Cash-strapped Pakistan has been hit by a storm of crippling debt, dwindling foreign currency reserves and galloping inflation.
The national currency hit a historic low on Thursday, with 200 rupees fetching $1.
“My decision to ban (the) import of luxury items will save the country precious foreign exchange,” Prime Minister Shehbaz Sharif tweeted.
The move was an effort to target the country’s elite, with the banned goods including mobile phones and cars — which make up the largest share of import bills on the list – as well as cosmetics and jams.
“We will be able to save $6 billion by imposing a ban on import of the luxury items,” information minister Marriyum Aurangzeb said at a press conference, adding that the ban would be effective immediately.
“The decision will give a boost to the local economy and industry”.
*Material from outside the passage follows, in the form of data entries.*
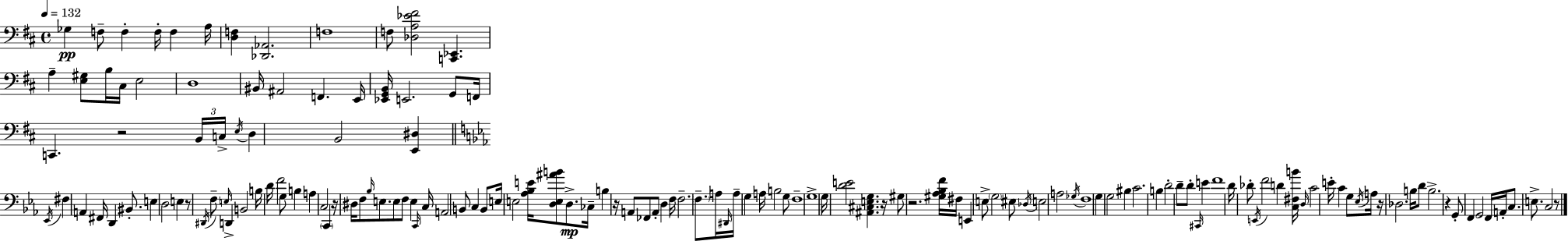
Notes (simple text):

Gb3/q F3/e F3/q F3/s F3/q A3/s [D3,F3]/q [Db2,Ab2]/h. F3/w F3/e [Db3,A3,Eb4,F#4]/h [C2,Eb2]/q. A3/q [E3,G#3]/e B3/s C#3/s E3/h D3/w BIS2/s A#2/h F2/q. E2/s [Eb2,G2,B2]/s E2/h. G2/e F2/s C2/q. R/h B2/s C3/s E3/s D3/q B2/h [E2,D#3]/q Eb2/s F#3/q A2/q F#2/s D2/q BIS2/e. E3/q D3/h E3/q R/e D#2/s F3/e E3/s D2/q B2/h B3/s D4/s F4/h G3/e B3/q A3/q C3/h C2/q R/s D#3/s F3/e Bb3/s E3/e. E3/e F3/e E3/q C2/s C3/s A2/h B2/e C3/q B2/e E3/s E3/h [Ab3,Bb3,E4]/s [D3,E3,A#4,B4]/e D3/e. CES3/s B3/q R/s A2/e FES2/e A2/e D3/q F3/s F3/h. F3/e. A3/s D#2/s A3/s G3/q A3/s B3/h G3/e F3/w G3/w G3/s [D4,E4]/h [A#2,C#3,E3,G3]/q. R/s G#3/e R/h. [G#3,Ab3,Bb3,F4]/s F#3/s E2/q E3/e G3/h EIS3/e Db3/s E3/h A3/h Gb3/s F3/w G3/q G3/h BIS3/q C4/h. B3/q D4/h D4/e D4/e C#2/s E4/q F4/w D4/s Db4/e E2/s F4/h D4/q [C3,F#3,B4]/s D3/s C4/h E4/s C4/q G3/e Eb3/s A3/s R/s Db3/h. B3/s D4/e B3/h. R/q G2/e F2/q G2/h F2/s A2/s C3/e. E3/e. C3/h R/e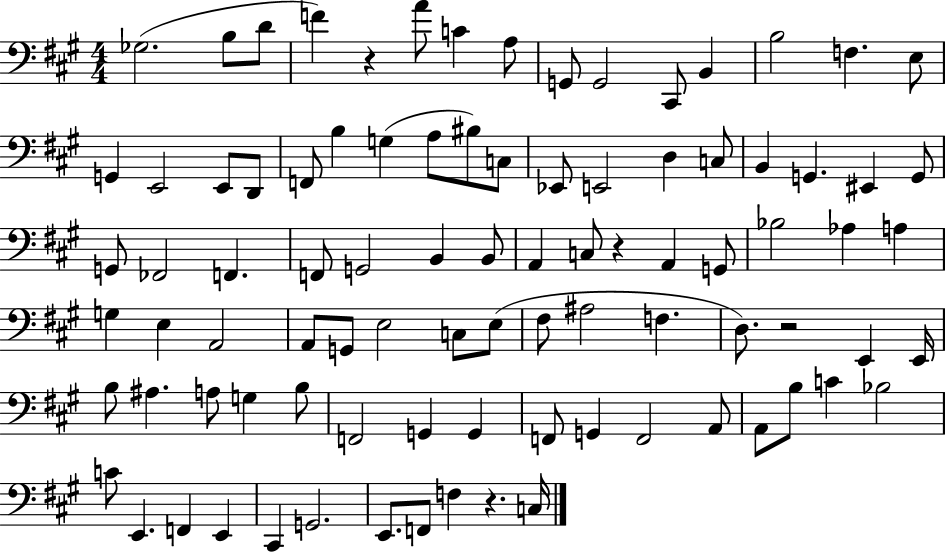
{
  \clef bass
  \numericTimeSignature
  \time 4/4
  \key a \major
  ges2.( b8 d'8 | f'4) r4 a'8 c'4 a8 | g,8 g,2 cis,8 b,4 | b2 f4. e8 | \break g,4 e,2 e,8 d,8 | f,8 b4 g4( a8 bis8) c8 | ees,8 e,2 d4 c8 | b,4 g,4. eis,4 g,8 | \break g,8 fes,2 f,4. | f,8 g,2 b,4 b,8 | a,4 c8 r4 a,4 g,8 | bes2 aes4 a4 | \break g4 e4 a,2 | a,8 g,8 e2 c8 e8( | fis8 ais2 f4. | d8.) r2 e,4 e,16 | \break b8 ais4. a8 g4 b8 | f,2 g,4 g,4 | f,8 g,4 f,2 a,8 | a,8 b8 c'4 bes2 | \break c'8 e,4. f,4 e,4 | cis,4 g,2. | e,8. f,8 f4 r4. c16 | \bar "|."
}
However, business leaders said the country must seek consent from the World Trade Organization, which regulates international trade.
“I think it is a prudent step by the government… it would help save much needed foreign exchange to pay off our international trade debts,” said Khalid Tawab, the former senior vice president of the Pakistan Chamber of Commerce.
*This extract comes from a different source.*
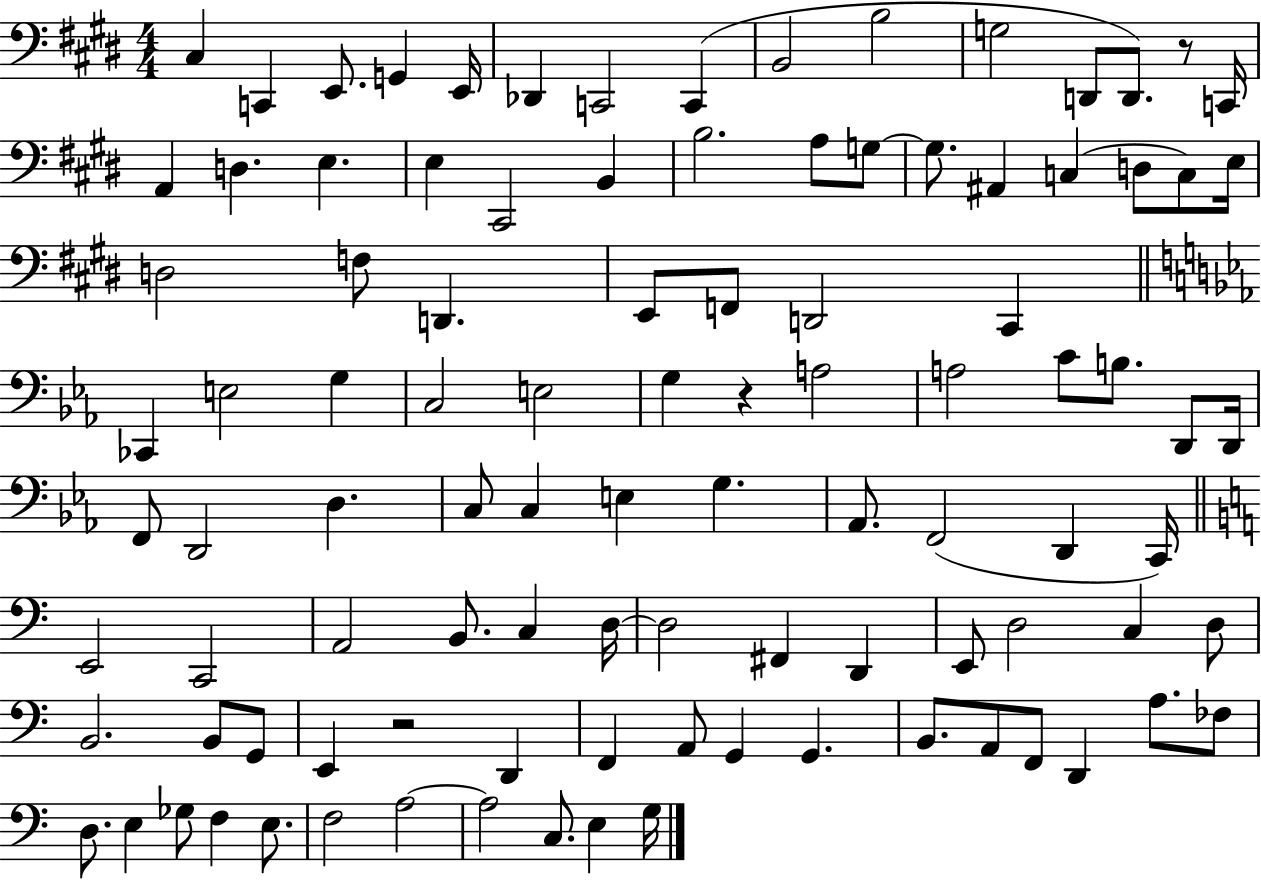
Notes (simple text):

C#3/q C2/q E2/e. G2/q E2/s Db2/q C2/h C2/q B2/h B3/h G3/h D2/e D2/e. R/e C2/s A2/q D3/q. E3/q. E3/q C#2/h B2/q B3/h. A3/e G3/e G3/e. A#2/q C3/q D3/e C3/e E3/s D3/h F3/e D2/q. E2/e F2/e D2/h C#2/q CES2/q E3/h G3/q C3/h E3/h G3/q R/q A3/h A3/h C4/e B3/e. D2/e D2/s F2/e D2/h D3/q. C3/e C3/q E3/q G3/q. Ab2/e. F2/h D2/q C2/s E2/h C2/h A2/h B2/e. C3/q D3/s D3/h F#2/q D2/q E2/e D3/h C3/q D3/e B2/h. B2/e G2/e E2/q R/h D2/q F2/q A2/e G2/q G2/q. B2/e. A2/e F2/e D2/q A3/e. FES3/e D3/e. E3/q Gb3/e F3/q E3/e. F3/h A3/h A3/h C3/e. E3/q G3/s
“The government has not declared a financial emergency yet, but that is the situation we are facing, and so under such circumstances the WTO could be persuaded to relax its rules.”
Pakistan’s current trade deficit stands at $39.2 billion.
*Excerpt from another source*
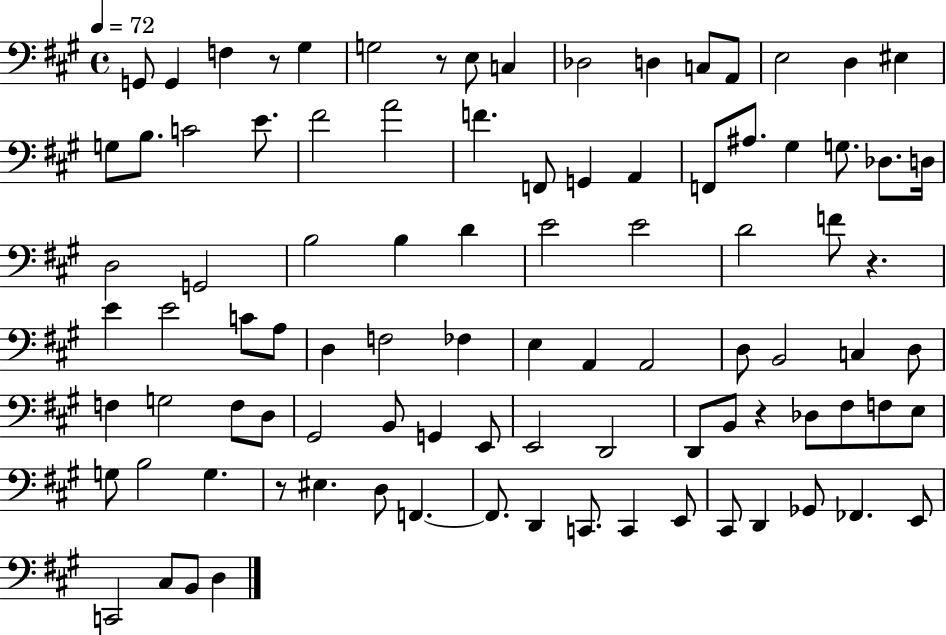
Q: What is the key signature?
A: A major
Former leader Imran Khan was ousted in a no-confidence vote last month, largely as a result of failing to reverse the soaring cost of living and prices of basic goods.
The announcement comes as Pakistan officials are locked in negotiation with the IMF in the Qatari capital Doha over the release of funds as part of an agreed loan programme.
A six billion dollar IMF bailout package signed by former prime minister Imran Khan in 2019 has never been fully implemented because his government reneged on agreements to cut or end some subsidies and to improve revenue and tax collection.
Islamabad has so far received $3 billion, with the programme due to end later this year.
Officials are seeking an extension to the programme through to June 2023, as well as the release of the next tranche of $1 billion.
A major sticking point is likely to be over costly subsidies – notably for fuel and electricity – and Finance Minister Miftah Ismail said he wants the two sides to “find a middle ground”.